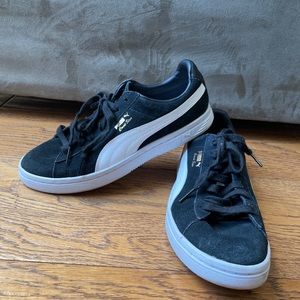 PUMA Court Stars Size 6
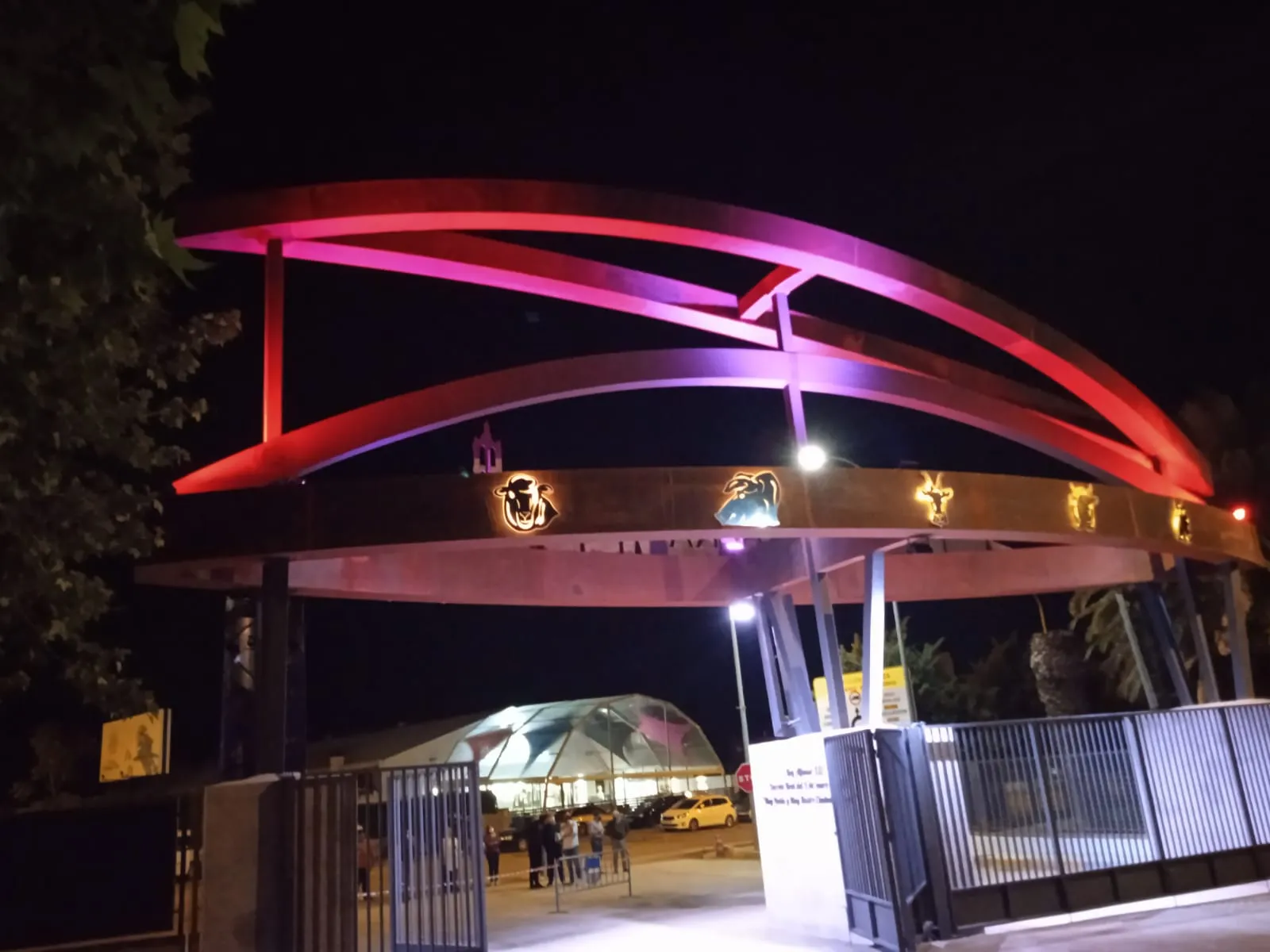 Portada recinto ferial de Zafra realizado en chapa acero corten, foto 10 de 16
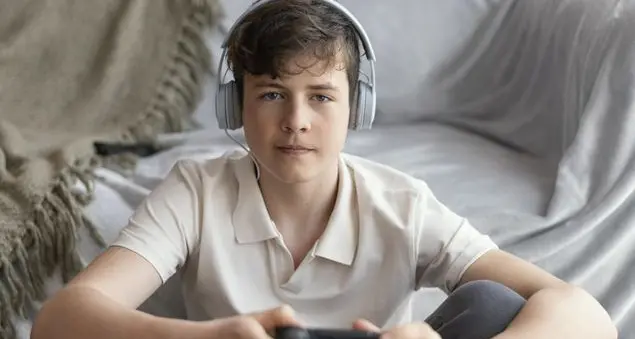 «Come fare con mio figlio che nel suo tempo libero vuole solo giocare online?»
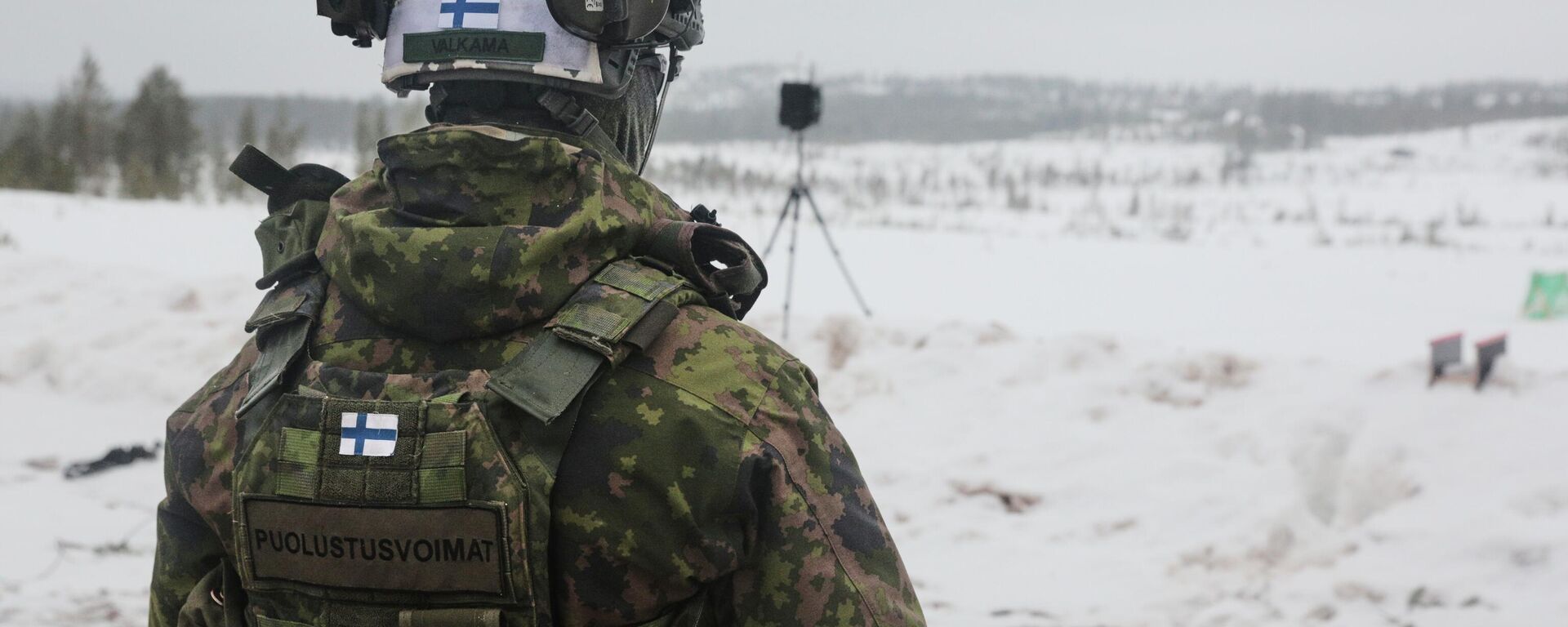 Фински нареднику правља дроном на полигону за обуку Ровајерви током арктичких вежби НАТО-а „Хладни одговор“ у Рованиемију, Финска. - Sputnik Србија, 1920, 20.04.2026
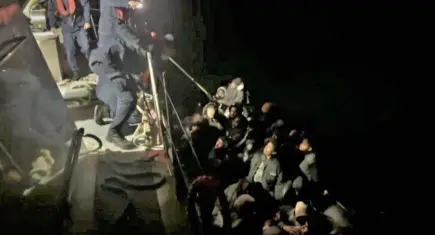 Seferihisar açıklarında kaçak geçişe geçit yok: 43 düzensiz göçmen yakalandı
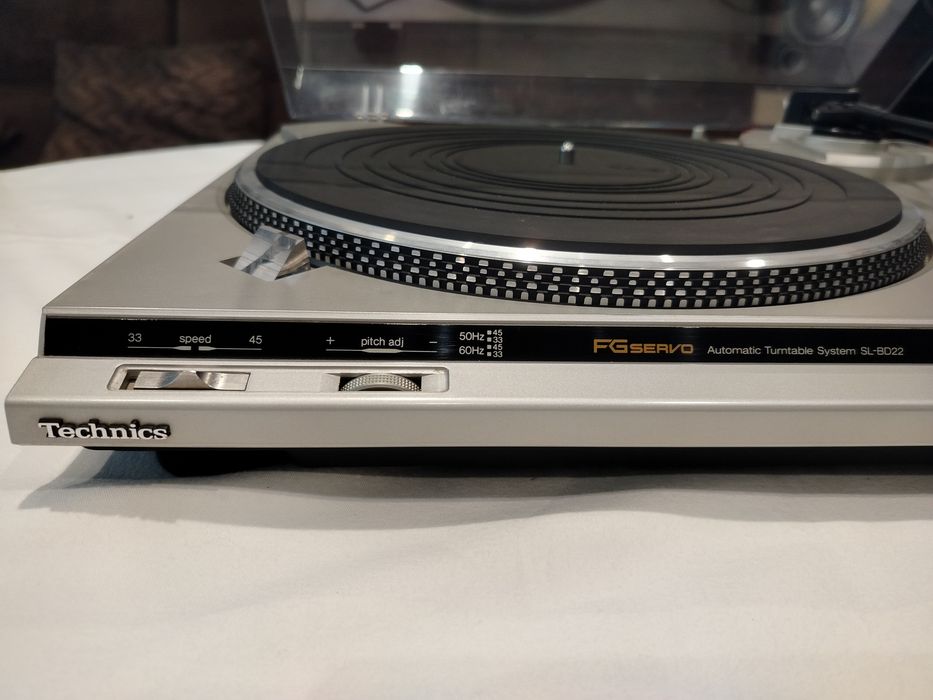 Gramofon Technics SL BD22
*****
▶ _AIM OF THE EXERCISE_
Print every entry above verbatim but drop the images.

▶ _FINISHED TASK_
 PUMA Court Stars Size 6
 Portada recinto ferial de Zafra realizado en chapa acero corten, foto 10 de 16
 «Come fare con mio figlio che nel suo tempo libero vuole solo giocare online?»
 Фински нареднику правља дроном на полигону за обуку Ровајерви током арктичких вежби НАТО-а „Хладни одговор“ у Рованиемију, Финска. - Sputnik Србија, 1920, 20.04.2026
 Seferihisar açıklarında kaçak geçişe geçit yok: 43 düzensiz göçmen yakalandı
 Gramofon Technics SL BD22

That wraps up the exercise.